From an investor’s perspective the ups and downs of the last four months have been the equivalent of zipping through a five-minute roller coaster ride in two minutes flat. It’s been a long time since yours truly has actually been on a roller coaster, but as I recall, you’re strapped in and firmly held in place by a sturdy safety bar.
Without such security features your chances of getting injured are significantly increased. And, theoretically at least, your apprehension level is substantially decreased.
That scenario is similar to what many investors have recently faced.
If, during this wild financial ride, you unbuckled and jumped off, your investments probably took a hit. If you remained seated, safe and secure, your finances may have had a bumpy ride, but they and you likely came through without much damage.
A recent study by the Consumer Financial Protection Bureau highlighted that nearly half of recent retirees are able to maintain the same level of spending during their first five years of retirement. When I sit with a pre retiree, it’s common for them to say that they’ll spend less in retirement and be able to get by with less.
I then ask what part of their lifestyle they want to eliminate. More often than not, the response is dead silence. In other words, most people don’t want to reduce their lifestyle. That’s why there’s a growing trend of people working after they retire from their primary occupation.

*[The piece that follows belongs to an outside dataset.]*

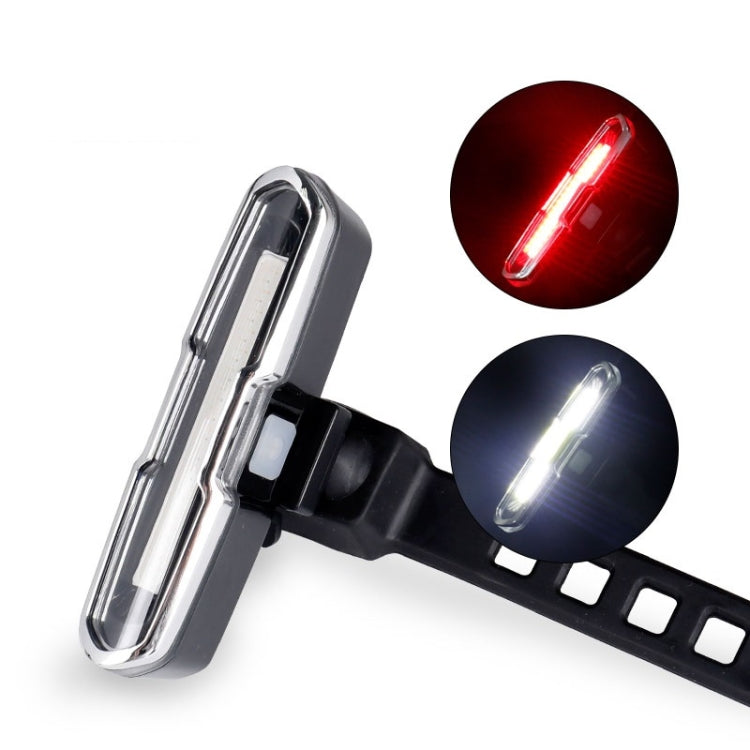 Luce posteriore bicicletta LED USB ricaricabile 500mAh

The CFPB study emphasized two key points. The first is that your chances of being able to maintain your spending habits are greater if you’re a homeowner, and especially if your mortgage is paid off. So clearly, home ownership should continue to be a priority.
And second, those that wait to begin collecting their Social Security benefits after their full retirement age tend to do better than those that choose to take it early.
Overall, I think the trend for people to remain in the workforce well beyond the traditional retirement age will continue. The immediate reaction is that those who do work beyond 65 do so because they have to. That’s undoubtedly a plausible explanation, but I also believe many will remain in the workforce simply because they want to.
For many, the reasons for working beyond retirement age have nothing to do with money issues. Legendary investor Warren Buffet, who has more money than he could ever spend, is still plugging away at age 89. In the November election our choice is between two candidates who could have retired long ago. One has amassed a considerable fortune while the other is eligible for a very sizeable government funded pension. So, in the future when you see an elderly person still working, don’t just assume he or she is doing it for their financial survival.
On another note, COVID-19 has shaken our very foundation. Many have recently lost loved ones and this will be their first Father’s Day without dad. I know it’s difficult, but somehow, someway you have to move forward.
I miss my father, but I take great pride in seeing what good fathers my sons have become, knowing that my dad had some role in their development. So once again, I wish all the dads out there a Happy Father’s Day.